Flexibility? The redemption option belongs to the issuer. The holder – if not redeemed – has the relatively trivial opportunity to choose between fixed and floating. The flexibility that counts belongs to the issuer.

To date, almost all of the reset preferreds have gained in value from the price they were originally issued. That represents an added bonus for investors who got in early, but it also presents a particular challenge for investors looking to get in on the action now as they may face lower yields and the potential for large capital losses as shares get redeemed on the reset date at par.

Clearly, it’s important to think about the exit strategy right from the beginning.

“When you buy it, assume the worst,” Mr. Nagel said.

“The secret is to look at these six months or nine months ahead of [maturity], and make a decision. If you think they’re going to be redeemed, you should sell.”

Sell to whom? At what price?

If the bond yield has risen substantially, the issuer is likely going to redeem the shares to prevent you from cashing in on the elevated rates.

This part is nonsense. The redemption decision will have everything to do with credit spreads on the market – can they borrow on more attractive terms? – and virtually nothing to do with the absolute value of “bond yield” – assuming that by “bond” they mean five-year Canadas.

On the other hand, if the bond yield is low and it looks like the shares will be reset, the best bet — available in the vast majority of cases — is to convert to floating rate preferred shares, which are usually pegged to the Government of Canada three-month treasury bills plus the spread.

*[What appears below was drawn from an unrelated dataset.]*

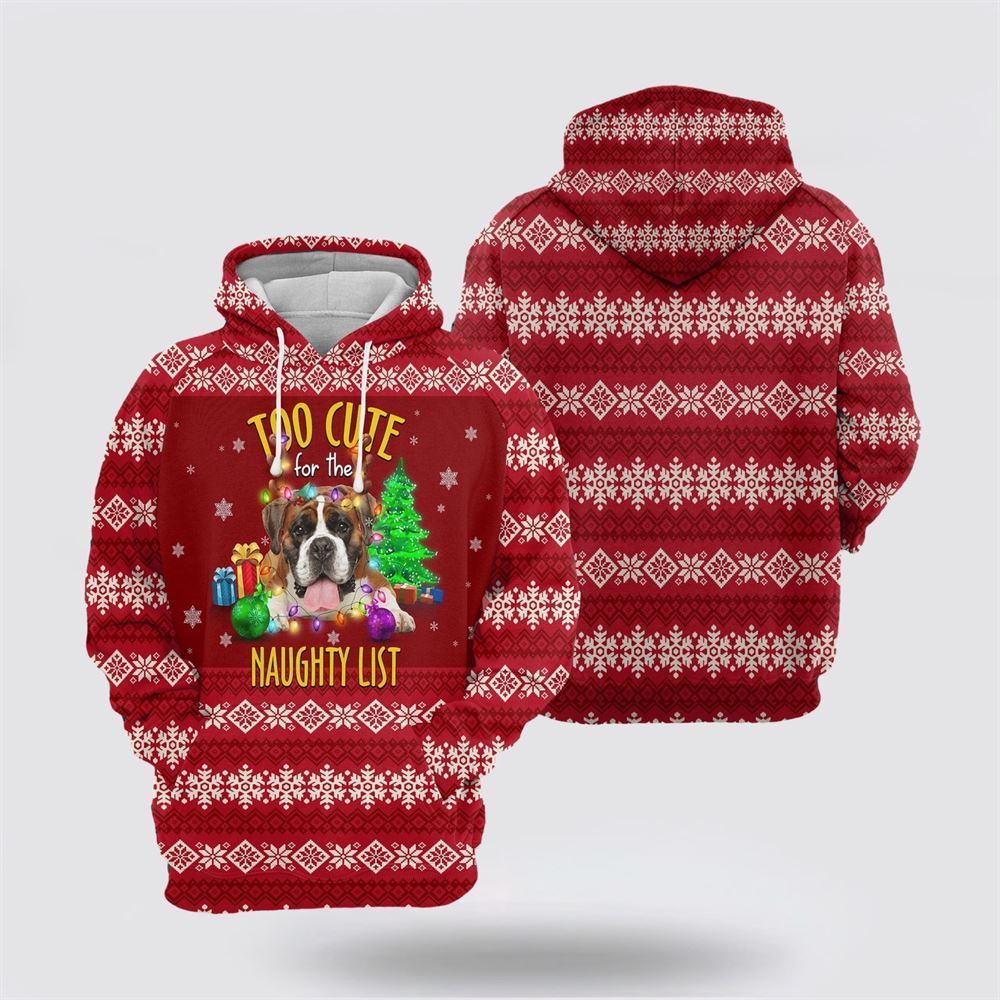 Boxer Too Cute All Over Print 3D Hoodie For Men & Women, Christmas Dog Hoodie, Christmas Hoodie Cute, Christmas Gift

Hopeless nonsense. In a normal environment, a five year bond will outperform treasury bills bought and rolled for a five-year term. Not always, but more often than not.

Investors should remember that while FixedResets can certainly mitigate the effects of a rise in yields, you pay through the nose for that benefit; the bond market, as a whole, ascribes zero value to this benefit. And the credit risk is forever. Should Bad Things happen to Groupe Aeroplan – although it is hard to imagine bad things happening to a company that combines air travel with green stamp savings books – they will not be able to refinance at +375, not redeem, and the prefs will be trading at a big discount.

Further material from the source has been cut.